MillerRabin(\(n\), \(t\)):
1: for \(j \gets 1 \ \textbf{to}\ t\)
2: \(a \getsrandom \Set{1, \dots, n-1}\)
3: if Witness(\(a\), \(n\))
4: return “composite” // definitely
5: return “prime” // almost surely
Integer factorization
Suppose we have an integer \(n\) that we wish to factor, that is, to decompose into a product of primes. The primality test of the preceding section may tell us that \(n\) is composite, but it does not tell us the prime factors of \(n\). Factoring a large integer \(n\) seems to be much more difficult than simply determining whether \(n\) is prime or composite. Even with today’s supercomputers and the best algorithms to date, we cannot feasibly factor an arbitrary \(1024\)-bit number.
Trial division
The most straightforward way to factor an integer \(n\) is to try every possible factor; this is called trial division. We try dividing \(n\) by each integer \(2, 3, \dots, \lfloor \sqrt{n} \rfloor\). (We may skip even integers greater than 2.) It is easy to see that \(n\) is prime if and only if none of the trial divisors divides \(n\). Assuming that each trial division takes constant time, the worst-case running time is \(O(\sqrt{n})\), which is exponential in the length of \(n\).
Pollard’s \(\rho\) algorithm
Pollard’s \(\rho\) (“rho”) algorithm can be used to factor an arbitrary integer \(n = pq\); in that sense, it is a general-purpose factoring algorithm.

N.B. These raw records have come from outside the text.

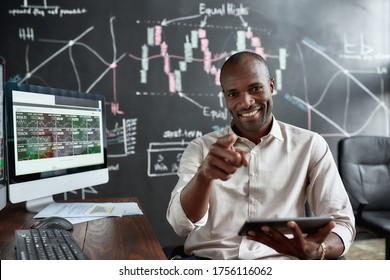 Cheerful african american male trader sitting by desk, pointing at camera and studying analytical reports using tablet pc in the office. Stock trading, people concept. Horizontal shot. Front view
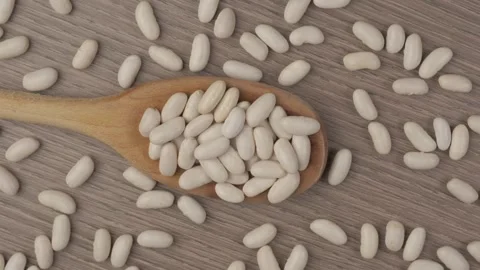 A captivating close up view of dry cannellini beans on a rustic wooden tabl.. Video stock 337404894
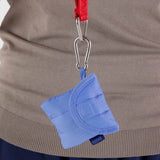 A Baggu Puffy Earbuds Case in cornflower, made from recycled nylon, is attached to a red lanyard with a metal clip.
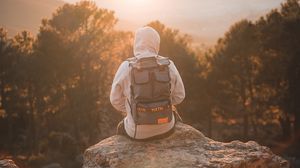 Preview wallpaper man, backpack, hood, nature, alone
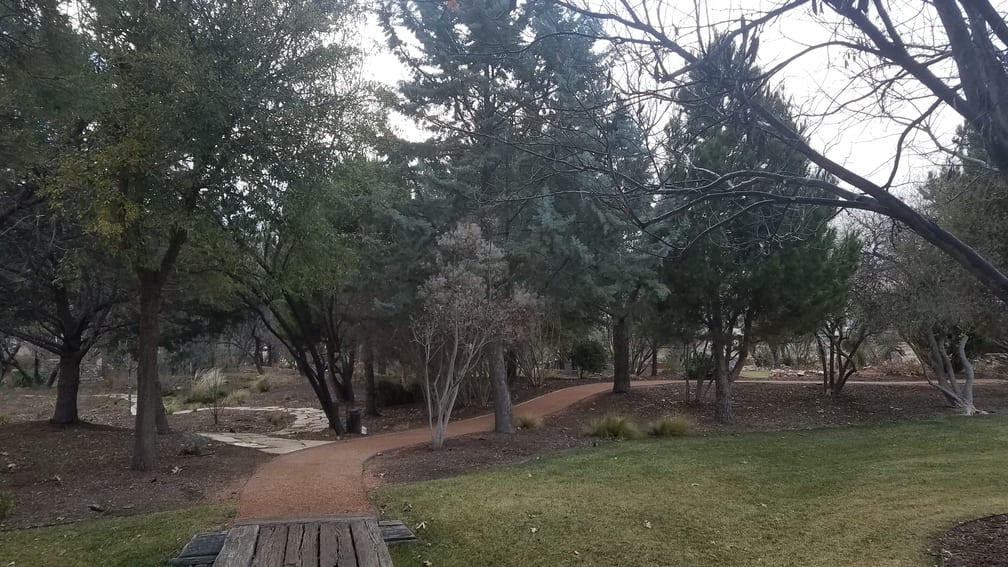 gravel path meets wood bridge at Gage Gardens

The core idea of the approach is to find distinct values \(x, x^\prime \in \ZZ_n^*\) that are equivalent modulo \(p\) (that is, if \(x \equiv x^\prime \pmod{p}\)); we call such a pair good. Note that for a good pair \(x, x^\prime\) it holds that \(\gcd(x-x^\prime, n ) = p\), since \(x \not\equiv x^\prime \pmod{n}\), so computing the gcd gives a nontrivial factor of \(n\).

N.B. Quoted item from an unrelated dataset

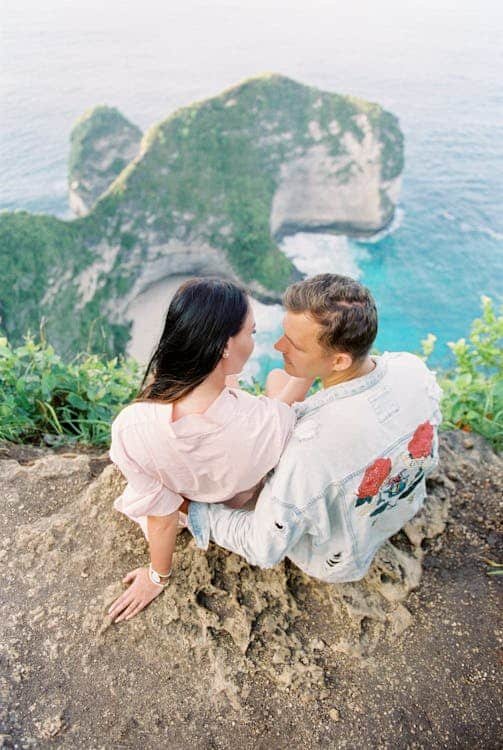 Um casal está sentado na beira de um penhasco com vista para o oceano e o litoral rochoso, com vegetação exuberante ao redor.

The algorithm involves generating a pseudorandom sequence, which is done by a function \(f\). In other words, we will keep applying \(f\) and it will generate numbers that “look and feel” random. (Note that it can never be truly random because this entire sequence can be determined from the choice of \(f\) and the starting value.) Not every function does it but one such function that has this pseudorandom property is \(f(x) \gets (x^2+c) \bmod n\), where \(c\) is usually assumed to be \(1\) in practice.
We define our starting value to be \(x_0 \gets 2\), but any other integer could work. To get the next element \(x_1\) in the sequence, we compute \(x_1 \gets f(x_0)\), and to get the element after that \(x_2\), we compute \(x_2 \gets f(x_1)\). In general, we have the recurrence \(x_{i+1} \gets f(x_i)\).
Suppose \(n = 95\) and \(f(x) \gets (x^2+1) \bmod n\). We show how to derive the pseudorandom sequence in the following table:
| \(x_i\) | \(x_{i+1}\) | \(g \gets \gcd(\abs{x_i - x_{i-1}}, n)\) |
|---|---|---|
| \(2\) | \(5\) | \(\gcd(3, 95) = 1\) |
| \(5\) | \(26\) | \(\gcd(21, 95) = 1\) |
| \(26\) | \(12\) | \(\gcd(14, 95) = 1\) |
| \(12\) | \(50\) | \(\gcd(38, 95) = 19\) |
The last pair of \(x_i, x_{i+1}\) is good since the last value of \(g\) is greater than \(1\), so this must be a nontrivial factor of \(n\). Thus we have found \(19\) as a prime factor of \(95\).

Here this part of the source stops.